> TASK TO COMPLETE: Copy exactly the lines of the data below that run from the line holding "A covered outdoor" through the line holding "Newspaper clipping of", both ends included.

> DATA FOR THIS TASK:
┄┄┄┄┄┄┄┄┄┄┄┄┄┄┄┄┄┄┄┄

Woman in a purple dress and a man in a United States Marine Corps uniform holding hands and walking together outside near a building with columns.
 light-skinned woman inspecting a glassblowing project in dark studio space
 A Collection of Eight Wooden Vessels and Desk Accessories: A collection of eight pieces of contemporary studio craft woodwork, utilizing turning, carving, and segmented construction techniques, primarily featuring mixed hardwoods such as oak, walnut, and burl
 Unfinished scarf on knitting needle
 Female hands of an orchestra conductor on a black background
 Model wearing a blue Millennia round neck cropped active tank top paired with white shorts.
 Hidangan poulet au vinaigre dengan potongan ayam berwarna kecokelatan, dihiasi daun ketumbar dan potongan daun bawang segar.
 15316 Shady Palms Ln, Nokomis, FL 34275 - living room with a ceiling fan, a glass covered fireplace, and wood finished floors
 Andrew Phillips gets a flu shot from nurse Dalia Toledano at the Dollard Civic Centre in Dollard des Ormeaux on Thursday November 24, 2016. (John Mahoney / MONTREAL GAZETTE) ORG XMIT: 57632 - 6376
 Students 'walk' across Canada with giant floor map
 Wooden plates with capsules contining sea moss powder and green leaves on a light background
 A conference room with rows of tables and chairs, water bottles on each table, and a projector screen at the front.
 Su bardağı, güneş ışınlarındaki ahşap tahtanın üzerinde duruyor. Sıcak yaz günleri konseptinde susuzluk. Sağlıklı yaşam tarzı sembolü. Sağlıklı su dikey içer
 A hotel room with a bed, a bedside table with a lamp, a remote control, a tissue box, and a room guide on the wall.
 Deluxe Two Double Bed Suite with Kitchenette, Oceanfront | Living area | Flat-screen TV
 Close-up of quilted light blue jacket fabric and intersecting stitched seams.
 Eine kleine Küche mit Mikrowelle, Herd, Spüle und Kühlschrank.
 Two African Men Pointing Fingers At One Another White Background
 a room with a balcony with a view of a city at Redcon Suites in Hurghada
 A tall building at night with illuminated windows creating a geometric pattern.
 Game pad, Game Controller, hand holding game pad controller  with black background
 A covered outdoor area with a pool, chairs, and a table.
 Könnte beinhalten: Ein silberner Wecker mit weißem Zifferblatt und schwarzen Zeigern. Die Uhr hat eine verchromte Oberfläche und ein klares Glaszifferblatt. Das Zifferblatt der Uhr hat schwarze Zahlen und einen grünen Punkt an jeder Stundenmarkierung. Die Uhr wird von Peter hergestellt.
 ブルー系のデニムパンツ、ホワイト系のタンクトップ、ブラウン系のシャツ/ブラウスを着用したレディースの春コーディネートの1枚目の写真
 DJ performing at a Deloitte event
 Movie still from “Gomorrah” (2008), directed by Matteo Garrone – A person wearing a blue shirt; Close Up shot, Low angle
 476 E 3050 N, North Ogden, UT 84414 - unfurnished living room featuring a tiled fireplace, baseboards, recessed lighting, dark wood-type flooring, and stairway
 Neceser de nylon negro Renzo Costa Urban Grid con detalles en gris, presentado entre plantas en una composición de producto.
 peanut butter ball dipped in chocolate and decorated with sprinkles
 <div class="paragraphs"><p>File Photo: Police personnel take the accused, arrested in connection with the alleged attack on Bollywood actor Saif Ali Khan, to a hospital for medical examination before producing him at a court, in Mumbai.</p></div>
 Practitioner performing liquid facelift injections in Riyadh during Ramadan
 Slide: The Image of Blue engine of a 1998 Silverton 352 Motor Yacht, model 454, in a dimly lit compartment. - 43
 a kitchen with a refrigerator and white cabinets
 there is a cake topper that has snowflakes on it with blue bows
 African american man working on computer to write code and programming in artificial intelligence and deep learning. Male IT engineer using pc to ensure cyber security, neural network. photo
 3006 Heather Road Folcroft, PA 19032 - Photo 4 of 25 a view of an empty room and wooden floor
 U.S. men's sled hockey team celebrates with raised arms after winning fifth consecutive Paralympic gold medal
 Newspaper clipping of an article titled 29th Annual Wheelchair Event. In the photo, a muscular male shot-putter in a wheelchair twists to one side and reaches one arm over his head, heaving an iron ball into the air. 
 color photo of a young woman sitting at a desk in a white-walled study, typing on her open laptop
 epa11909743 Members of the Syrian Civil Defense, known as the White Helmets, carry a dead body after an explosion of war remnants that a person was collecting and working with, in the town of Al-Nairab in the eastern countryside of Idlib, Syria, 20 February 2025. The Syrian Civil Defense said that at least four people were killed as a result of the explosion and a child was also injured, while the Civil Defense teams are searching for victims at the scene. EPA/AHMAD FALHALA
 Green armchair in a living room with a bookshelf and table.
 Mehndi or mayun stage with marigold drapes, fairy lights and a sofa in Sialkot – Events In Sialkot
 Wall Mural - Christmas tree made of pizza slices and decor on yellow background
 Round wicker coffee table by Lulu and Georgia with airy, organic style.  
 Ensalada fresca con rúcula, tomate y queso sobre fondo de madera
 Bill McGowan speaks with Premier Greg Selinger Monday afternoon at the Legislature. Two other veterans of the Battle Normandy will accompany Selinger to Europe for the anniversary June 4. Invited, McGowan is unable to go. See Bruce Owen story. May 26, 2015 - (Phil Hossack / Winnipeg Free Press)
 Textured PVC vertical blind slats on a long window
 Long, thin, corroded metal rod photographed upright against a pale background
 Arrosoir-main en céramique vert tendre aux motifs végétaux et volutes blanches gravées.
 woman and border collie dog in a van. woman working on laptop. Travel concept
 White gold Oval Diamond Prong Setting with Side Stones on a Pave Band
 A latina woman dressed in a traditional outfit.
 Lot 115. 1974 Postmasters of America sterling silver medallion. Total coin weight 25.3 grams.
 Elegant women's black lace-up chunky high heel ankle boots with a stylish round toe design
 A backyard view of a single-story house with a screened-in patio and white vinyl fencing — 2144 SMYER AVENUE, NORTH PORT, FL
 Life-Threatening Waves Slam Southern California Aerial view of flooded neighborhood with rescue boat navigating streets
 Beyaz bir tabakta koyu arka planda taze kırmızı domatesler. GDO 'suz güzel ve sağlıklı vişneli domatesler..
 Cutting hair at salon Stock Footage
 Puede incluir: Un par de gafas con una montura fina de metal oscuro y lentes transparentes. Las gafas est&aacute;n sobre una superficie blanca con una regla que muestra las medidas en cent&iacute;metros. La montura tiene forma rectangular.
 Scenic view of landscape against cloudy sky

┄┄┄┄┄┄┄┄┄┄┄┄┄┄┄┄┄┄┄┄

> RESPONSE AREA:
 A covered outdoor area with a pool, chairs, and a table.
 Könnte beinhalten: Ein silberner Wecker mit weißem Zifferblatt und schwarzen Zeigern. Die Uhr hat eine verchromte Oberfläche und ein klares Glaszifferblatt. Das Zifferblatt der Uhr hat schwarze Zahlen und einen grünen Punkt an jeder Stundenmarkierung. Die Uhr wird von Peter hergestellt.
 ブルー系のデニムパンツ、ホワイト系のタンクトップ、ブラウン系のシャツ/ブラウスを着用したレディースの春コーディネートの1枚目の写真
 DJ performing at a Deloitte event
 Movie still from “Gomorrah” (2008), directed by Matteo Garrone – A person wearing a blue shirt; Close Up shot, Low angle
 476 E 3050 N, North Ogden, UT 84414 - unfurnished living room featuring a tiled fireplace, baseboards, recessed lighting, dark wood-type flooring, and stairway
 Neceser de nylon negro Renzo Costa Urban Grid con detalles en gris, presentado entre plantas en una composición de producto.
 peanut butter ball dipped in chocolate and decorated with sprinkles
 <div class="paragraphs"><p>File Photo: Police personnel take the accused, arrested in connection with the alleged attack on Bollywood actor Saif Ali Khan, to a hospital for medical examination before producing him at a court, in Mumbai.</p></div>
 Practitioner performing liquid facelift injections in Riyadh during Ramadan
 Slide: The Image of Blue engine of a 1998 Silverton 352 Motor Yacht, model 454, in a dimly lit compartment. - 43
 a kitchen with a refrigerator and white cabinets
 there is a cake topper that has snowflakes on it with blue bows
 African american man working on computer to write code and programming in artificial intelligence and deep learning. Male IT engineer using pc to ensure cyber security, neural network. photo
 3006 Heather Road Folcroft, PA 19032 - Photo 4 of 25 a view of an empty room and wooden floor
 U.S. men's sled hockey team celebrates with raised arms after winning fifth consecutive Paralympic gold medal
 Newspaper clipping of an article titled 29th Annual Wheelchair Event. In the photo, a muscular male shot-putter in a wheelchair twists to one side and reaches one arm over his head, heaving an iron ball into the air. 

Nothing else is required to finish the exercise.